Image-text web data
┌──

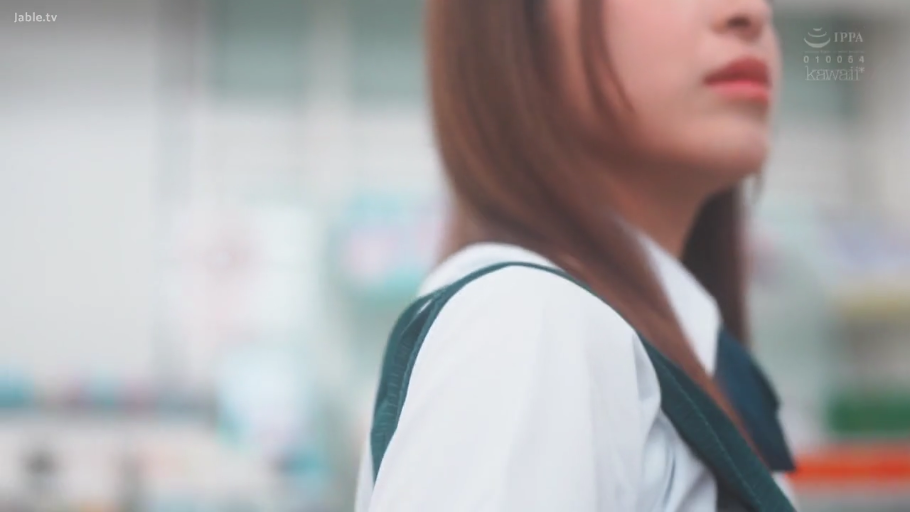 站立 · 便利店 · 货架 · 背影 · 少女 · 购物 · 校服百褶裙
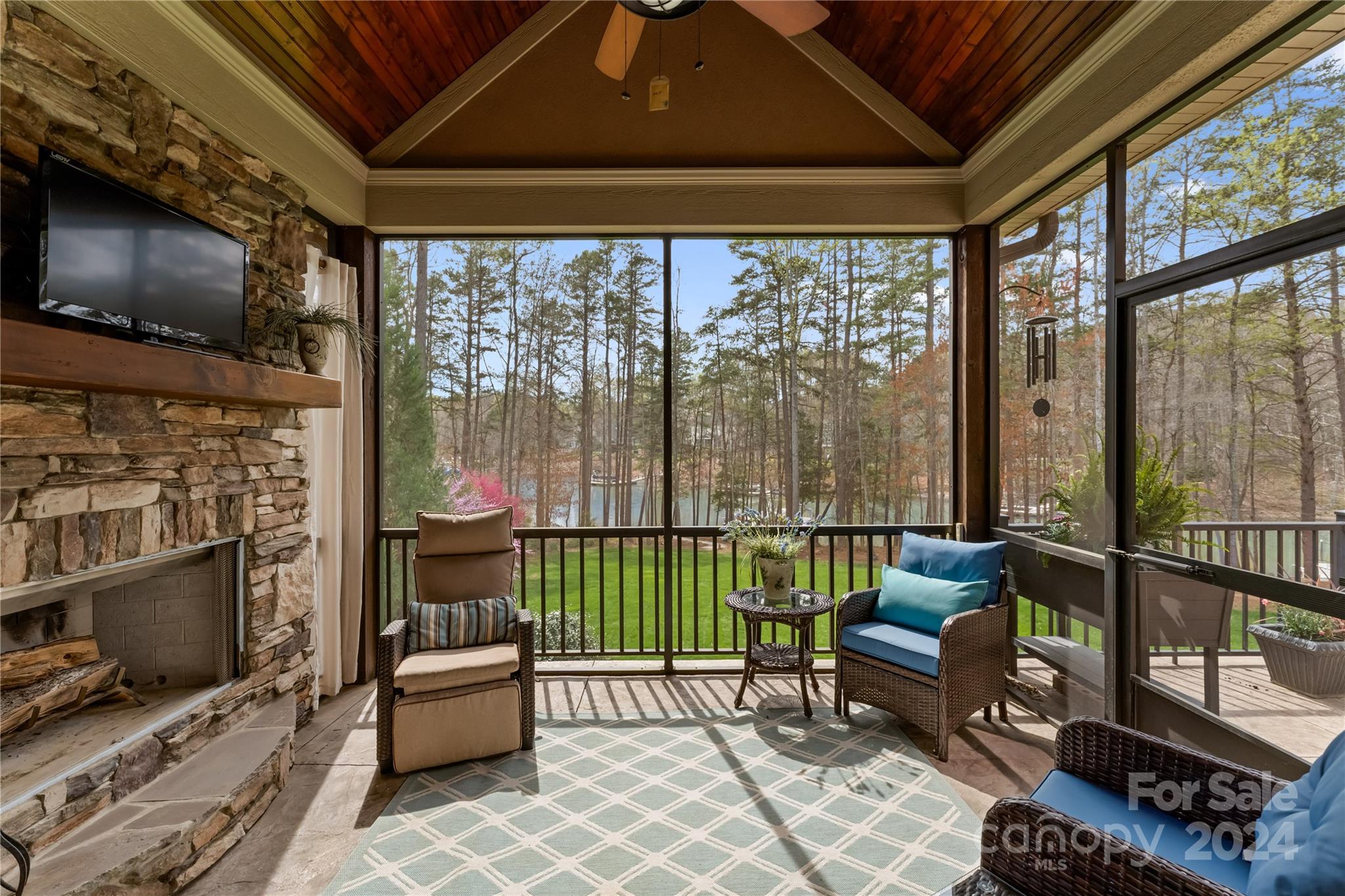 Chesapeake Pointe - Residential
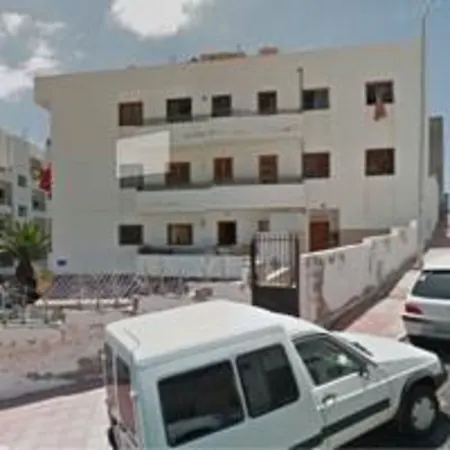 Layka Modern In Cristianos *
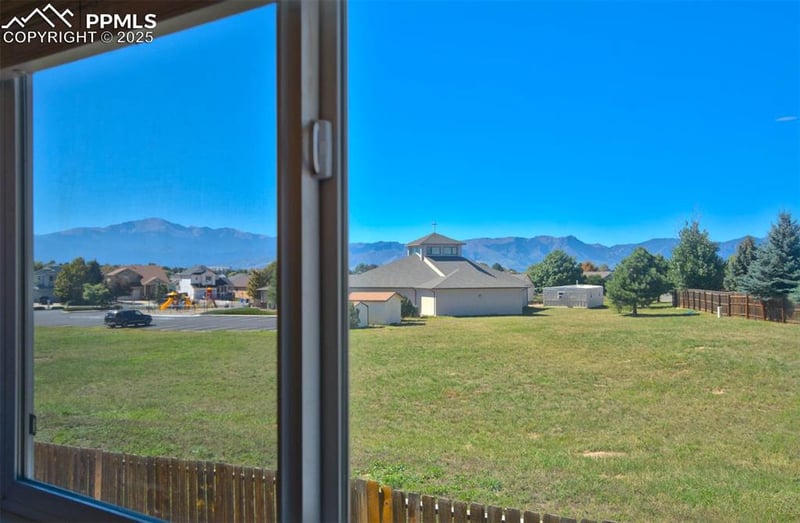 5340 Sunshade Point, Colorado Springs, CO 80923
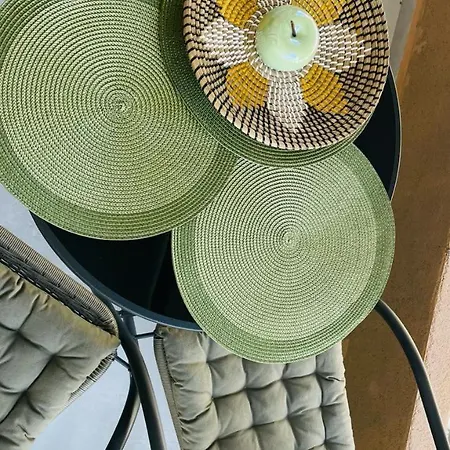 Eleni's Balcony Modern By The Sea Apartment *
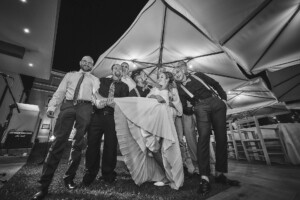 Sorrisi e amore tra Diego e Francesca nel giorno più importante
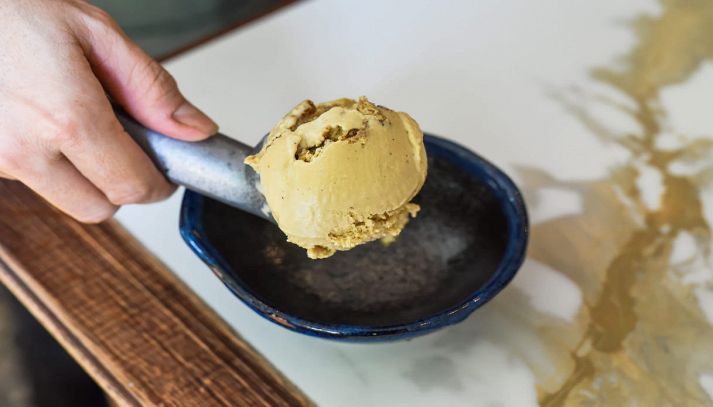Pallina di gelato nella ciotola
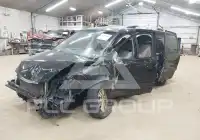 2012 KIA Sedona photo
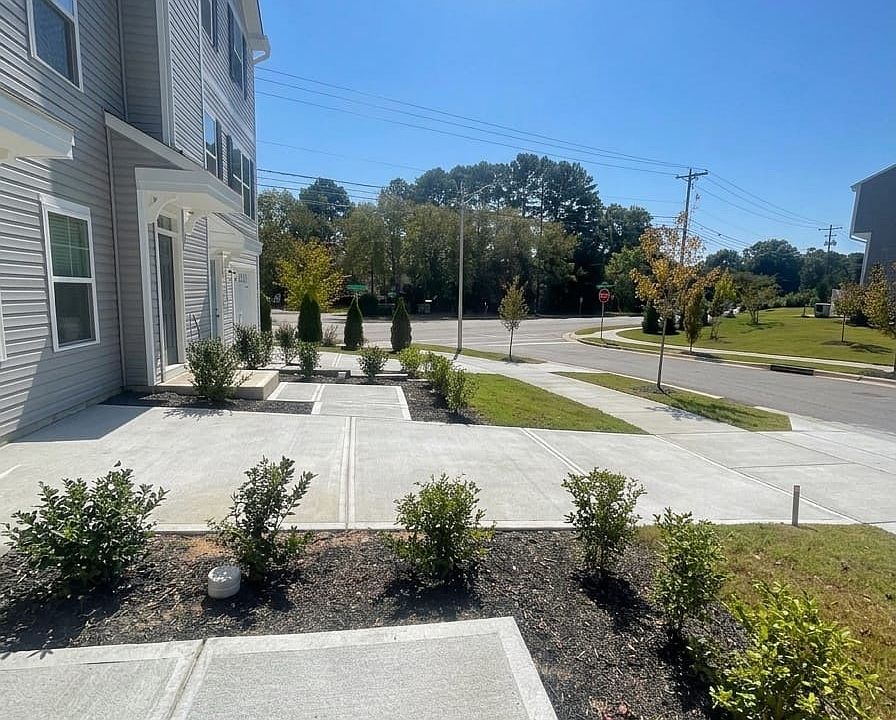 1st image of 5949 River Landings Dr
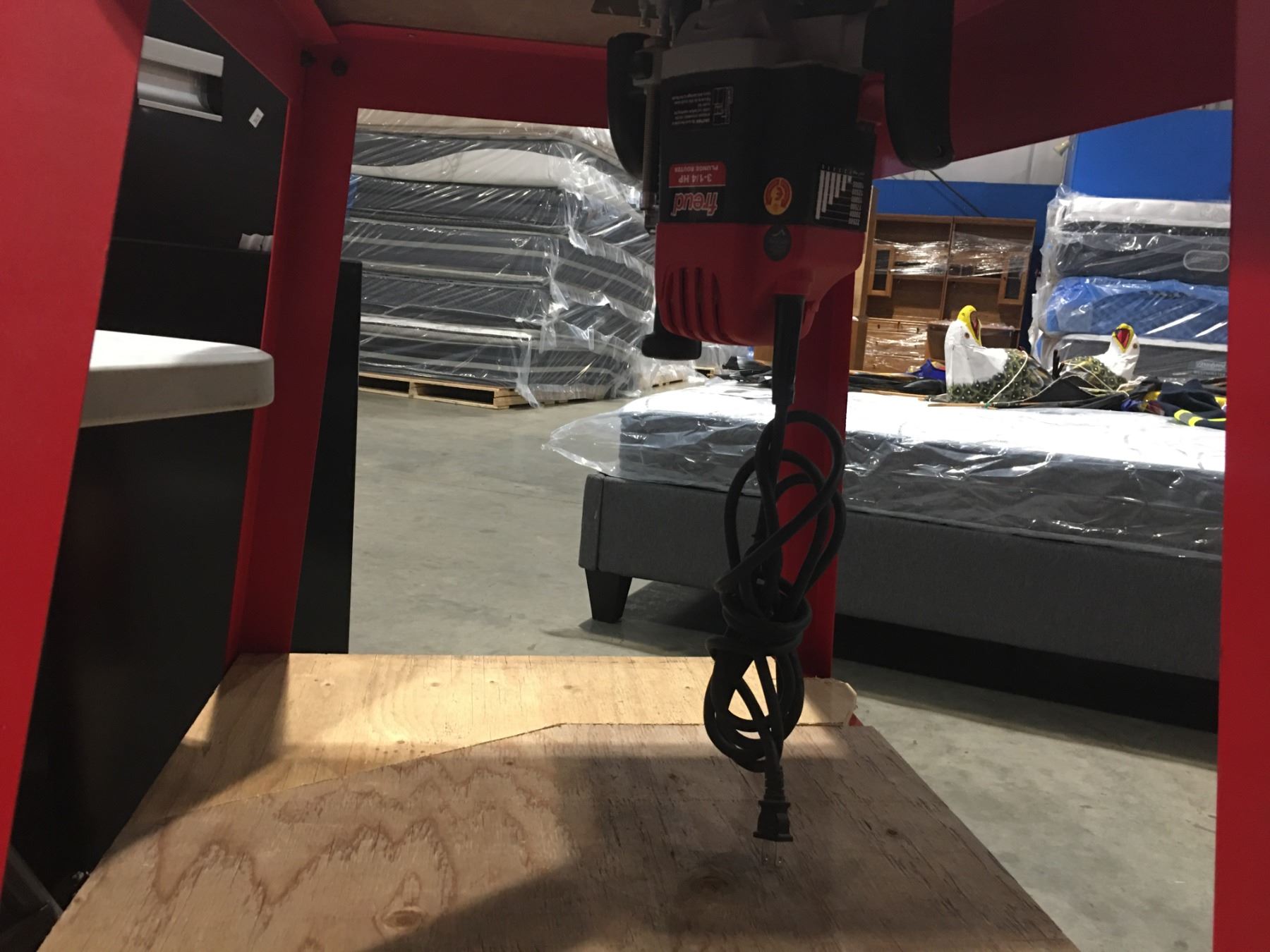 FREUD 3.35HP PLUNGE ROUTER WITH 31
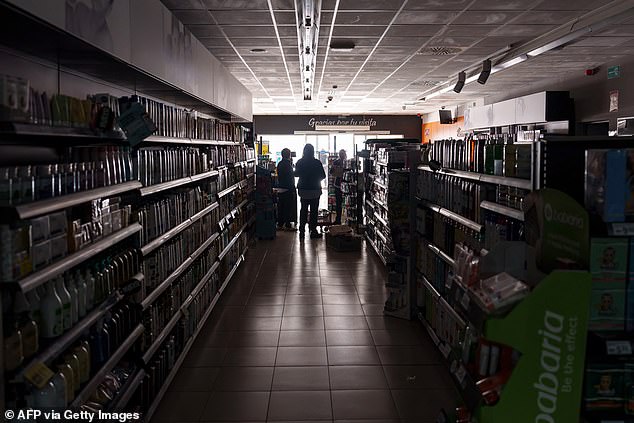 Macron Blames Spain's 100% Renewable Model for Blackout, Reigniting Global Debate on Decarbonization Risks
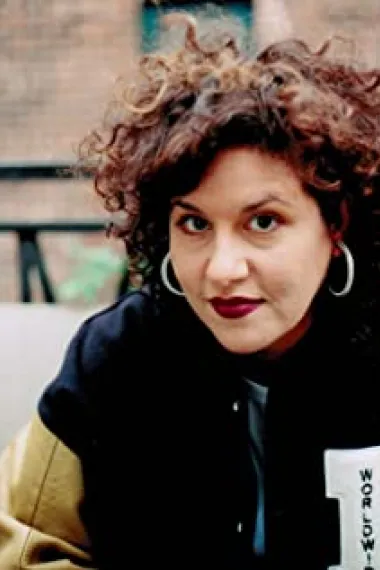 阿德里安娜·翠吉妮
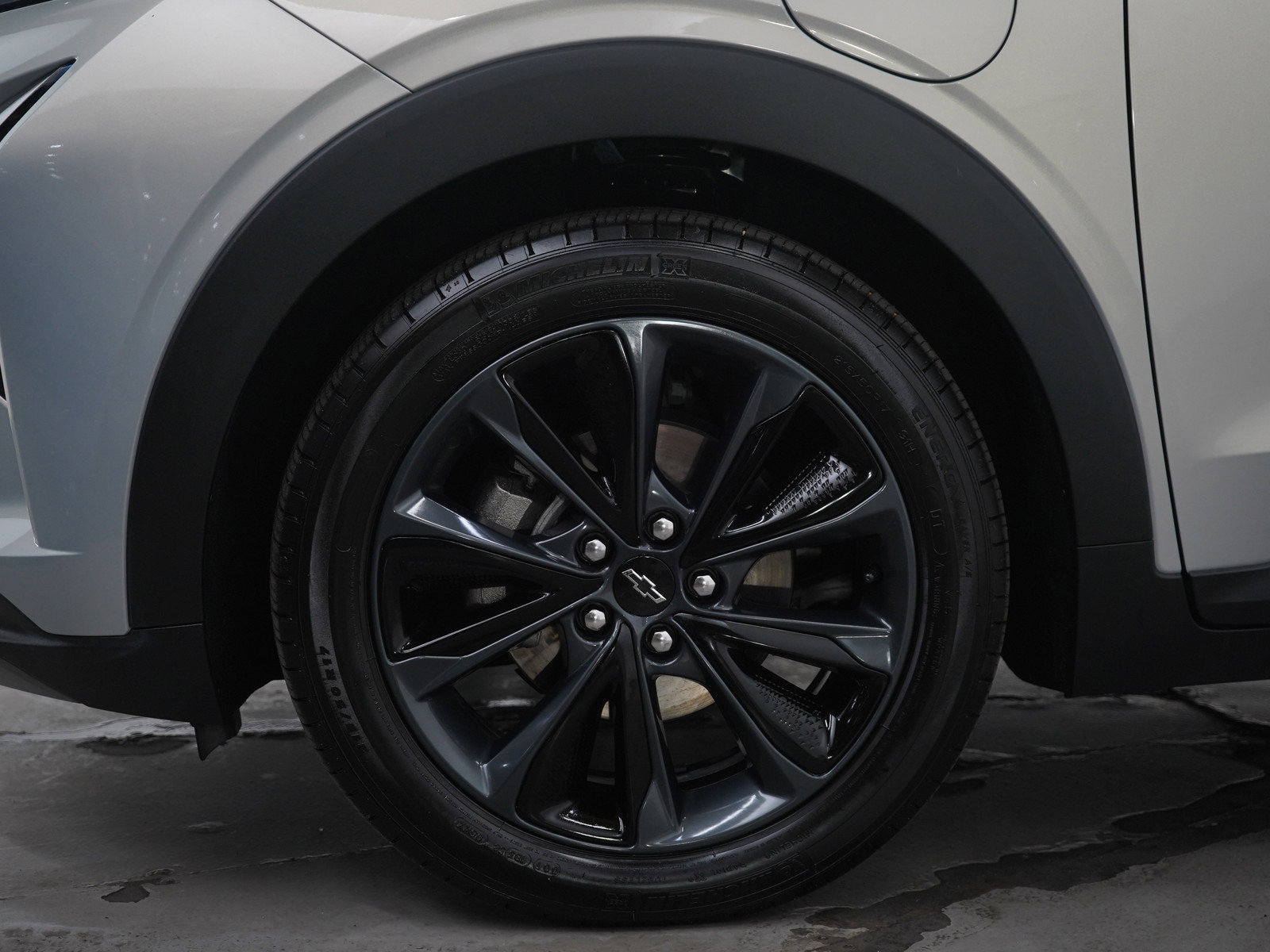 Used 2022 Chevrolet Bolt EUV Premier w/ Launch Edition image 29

└──

**Problem statement**
Above are the records; return them exactly, minus the pictures.

**Solution**
 站立 · 便利店 · 货架 · 背影 · 少女 · 购物 · 校服百褶裙
 Chesapeake Pointe - Residential
 Layka Modern In Cristianos *
 5340 Sunshade Point, Colorado Springs, CO 80923
 Eleni's Balcony Modern By The Sea Apartment *
 Sorrisi e amore tra Diego e Francesca nel giorno più importante
Pallina di gelato nella ciotola
 2012 KIA Sedona photo
 1st image of 5949 River Landings Dr
 FREUD 3.35HP PLUNGE ROUTER WITH 31
 Macron Blames Spain's 100% Renewable Model for Blackout, Reigniting Global Debate on Decarbonization Risks
 阿德里安娜·翠吉妮
 Used 2022 Chevrolet Bolt EUV Premier w/ Launch Edition image 29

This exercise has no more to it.